What you should do
Once "Thumbnail 37" turns up in a line below, reproduce that line and those after it exactly, stopping after the line with "B&B Agora Сарцана Екстериор снимка"; leave pictures out.

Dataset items
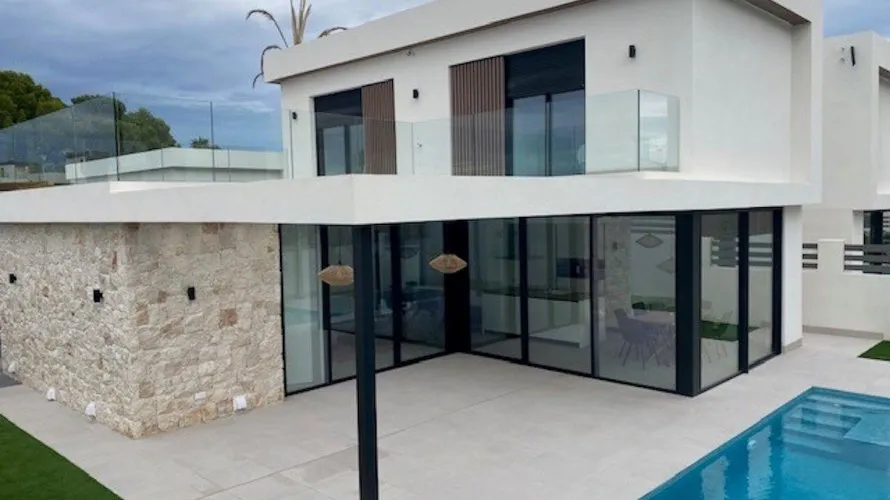 Villa de 3 chambres à Alicante, Spain No. 534 № 14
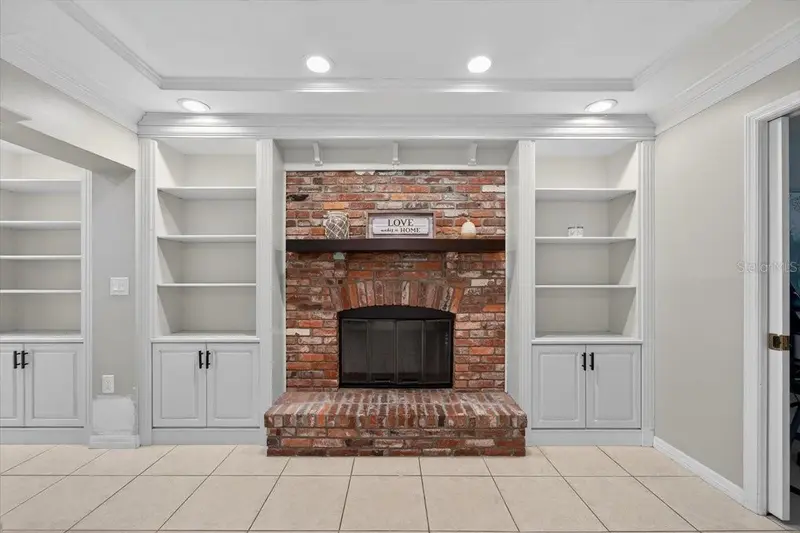 Thumbnail 37
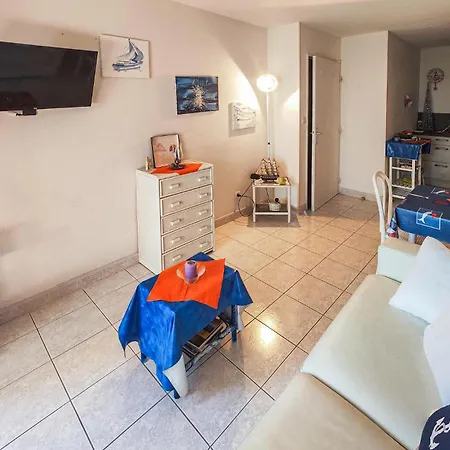 1 Bedroom Amazing In Agde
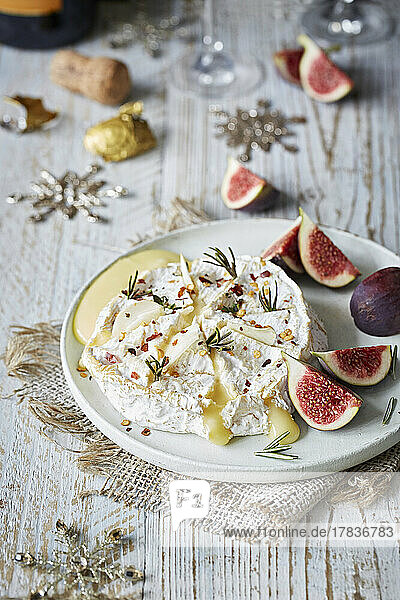Cooked camembert with figs in a Christmas setting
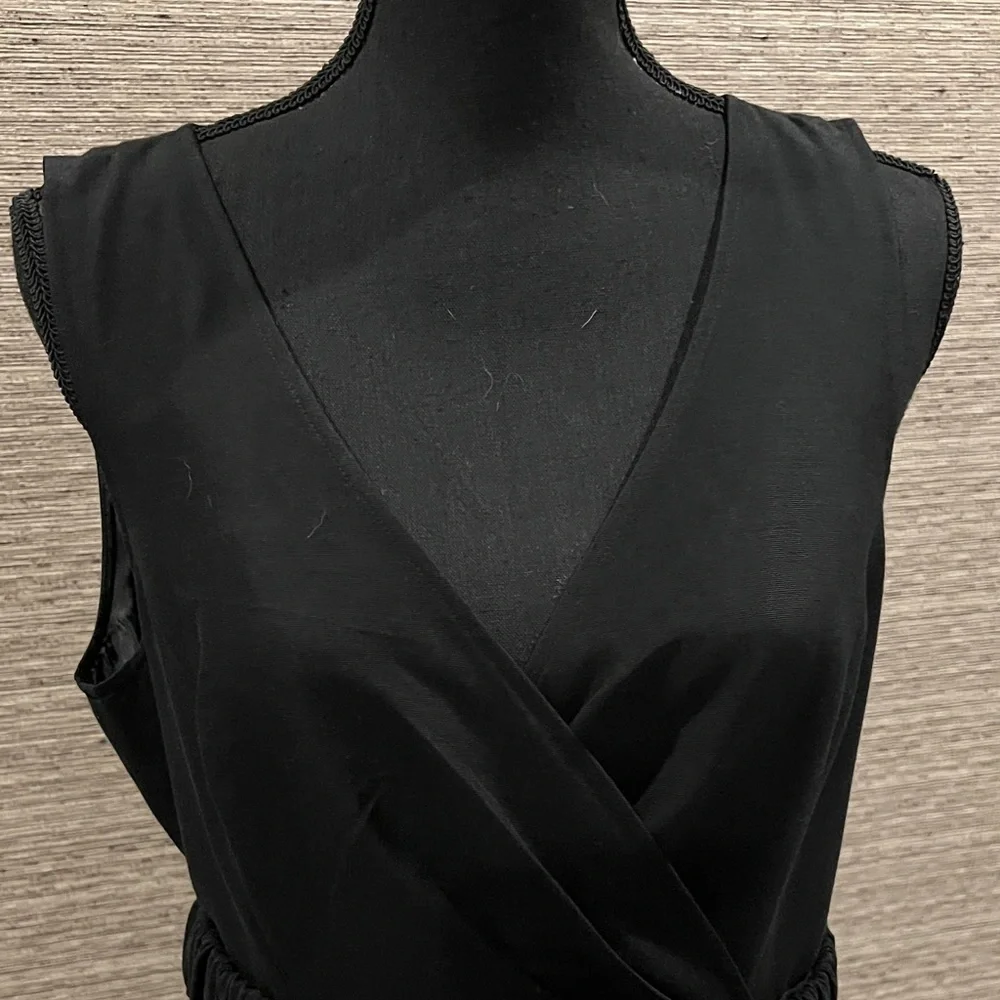 Halogen Black Sleeveless V Neckline sheath Linen/Silk Dress size 12 - Picture 3 of 11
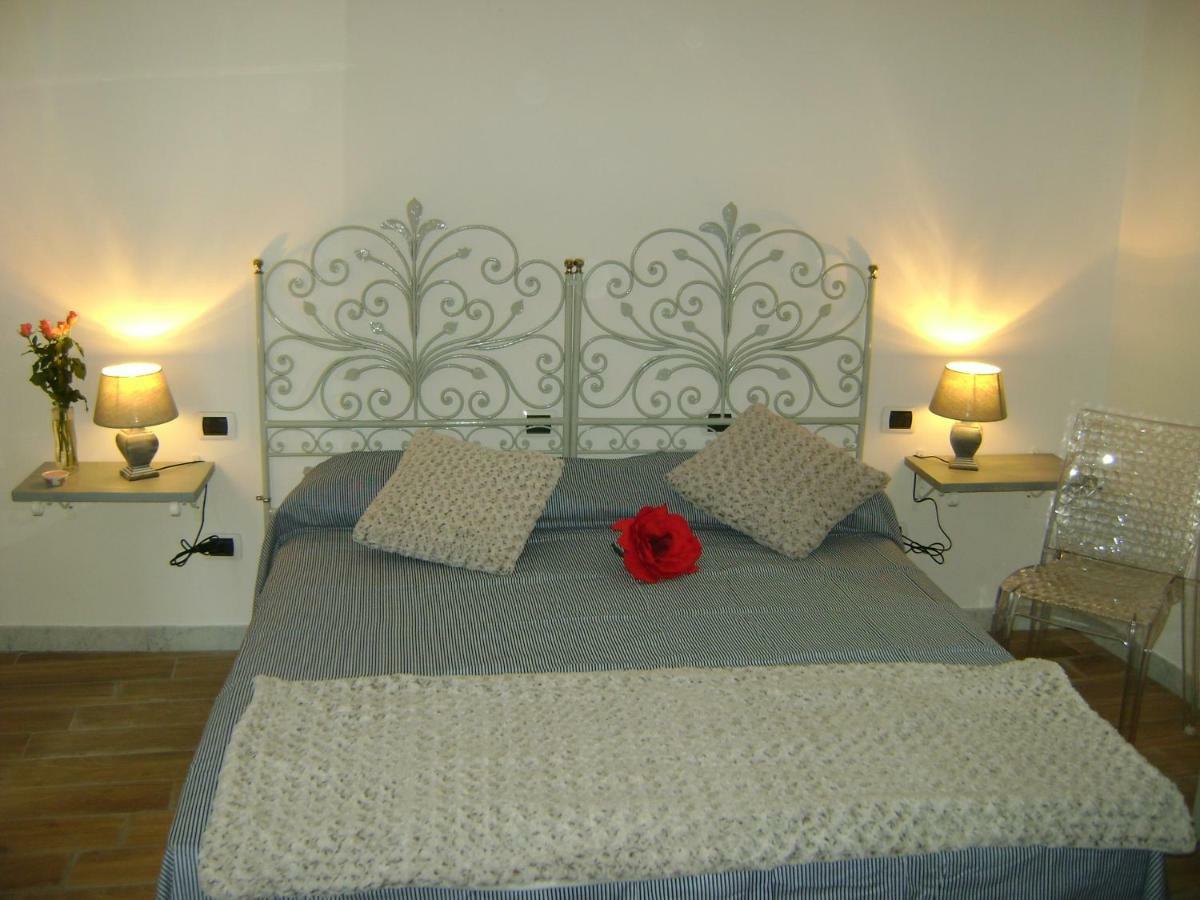 B&B Agora Сарцана Екстериор снимка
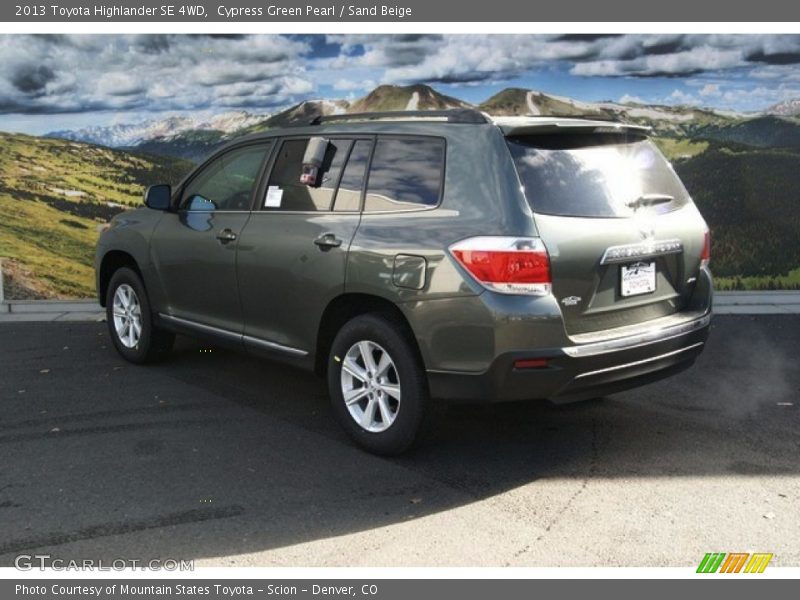 Cypress Green Pearl / Sand Beige 2013 Toyota Highlander SE 4WD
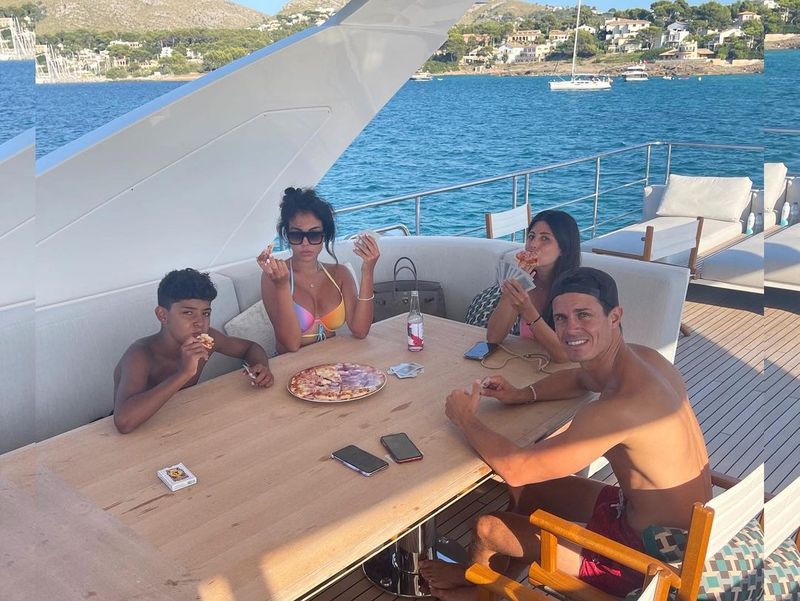 Cristiano Ronaldo's girlfriend Georgina Rodriguez lights up Instagram with her style quotient (See pictures)-ayh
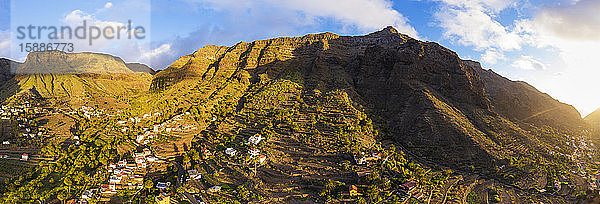 Spanien  Santa Cruz de Tenerife  Valle Gran Rey  Luftpanorama des Dorfes im Bergtal bei Sonnenuntergang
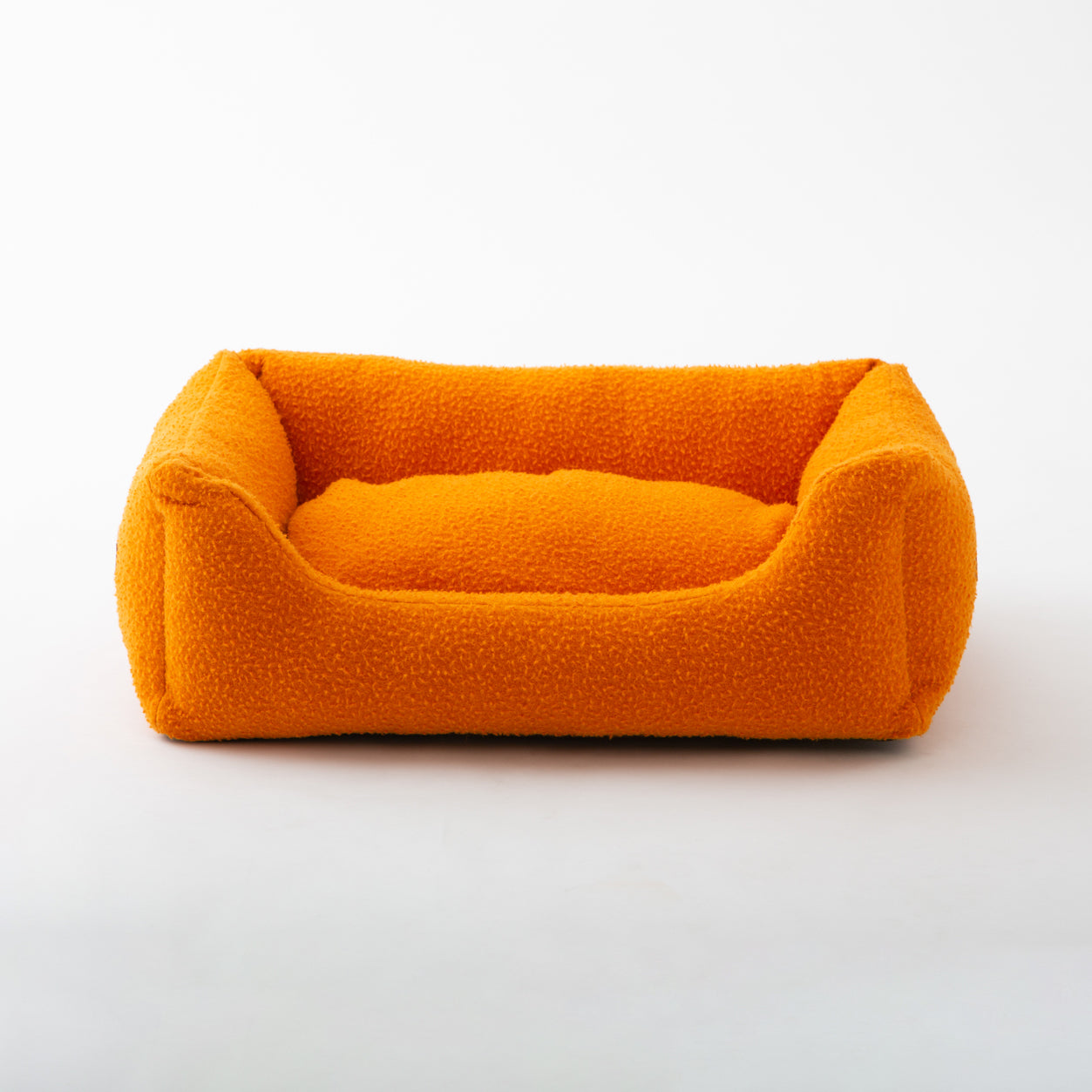 Henri Dog Bed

Expected answer
 Thumbnail 37
 1 Bedroom Amazing In Agde
Cooked camembert with figs in a Christmas setting
 Halogen Black Sleeveless V Neckline sheath Linen/Silk Dress size 12 - Picture 3 of 11
 B&B Agora Сарцана Екстериор снимка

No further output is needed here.